Money for nothin' – ACCC kicks off first excessive payment surcharges prosecution

Now that the excessive surcharge payments bans have been in for at least a year, the ACCC is on the warpath. The laws took effect in September 2016 for big businesses and September 2017 for everyone else. Businesses cannot charge customers more than it costs them to process the card payment.

The first hit was Cruisin Motorhomes, who paid $12,600 (and swiftly reduced their surcharges) after an infringement notice. But the latest and biggest one is Europcar. Facing the first litigation under the excessive surcharge provisions, the ACCC alleges overcharging of up to 0.65 percentage points, and claims Europcar was well aware of its actual acceptance costs. Be warned – it's time to check those surcharge policies.

Big fines for Heinz

After Heinz was found guilty for healthy labelling on sugary toddler products, the big question was how much they would have to pay.
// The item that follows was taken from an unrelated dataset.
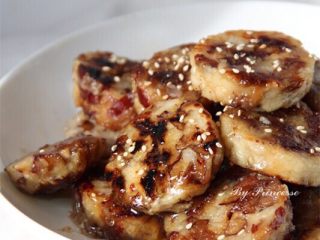 20、老北京清真小吃-糖卷果,将裹好糖的卷果盛入盘中,撒上些许白芝麻后即可食用。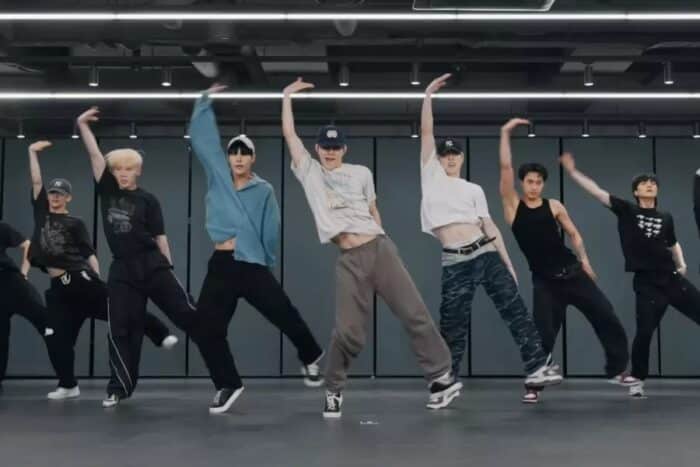 NCT DOJAEJUNG демонстрируют свои уверенные движения в танцевальной практике «Perfume»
We now have the answer: $2.25M. Less than the $10M that the ACCC asked for, more than the $400k that Heinz suggested. So where did this number come from?

There were no prior contraventions (positive), but Heinz was kind of breaching its own guidelines (less positive). Throw in that the Court found the conduct was serious and extensive, and the need for deterrence (it had to be more than just negating the profits of a bit over $400k), and out comes $2.25M. Magic!

Roofing supply deal goes under

Exclusivity in supply contracts is often ok. But not if your purpose is to stop competitors accessing the supplier, giving you an unfair competitive advantage. Two of Australia's largest distributors of polycarbonate roofing found this out the hard way. They paid $5.5M in penalties after locking a common supplier into an exclusive deal, preventing the supplier from dealing with their competitors. The individuals involved copped it too. One director wore a personal fine of $100k and another was disqualified for 3 years.

This kind of behaviour can get you in hot water for exclusive dealing or cartel conduct. The bottom line is to get legal clearance on any dealing with a competitor, or any exclusivity in a contract.

If it walks like a duck.... Husqvarna mowed down over franchisee rights

ACCC found that Husqvarna likely misled franchisees by giving the impression that the Franchising Code of Conduct didn't apply to their contracts. Turns out that simply calling them 'dealership agreements' – definitely not 'franchise agreements' – doesn't make it so.

If it meets the definition of a franchise agreement, it will be covered by the Franchising Code – with all of the protections that brings. There were also some questions about unfair contract terms thrown into the mix. But Husqvarna cooperated, rewrote its agreements and has undertaken to the court not to enforce the terms that the ACCC considered unfair.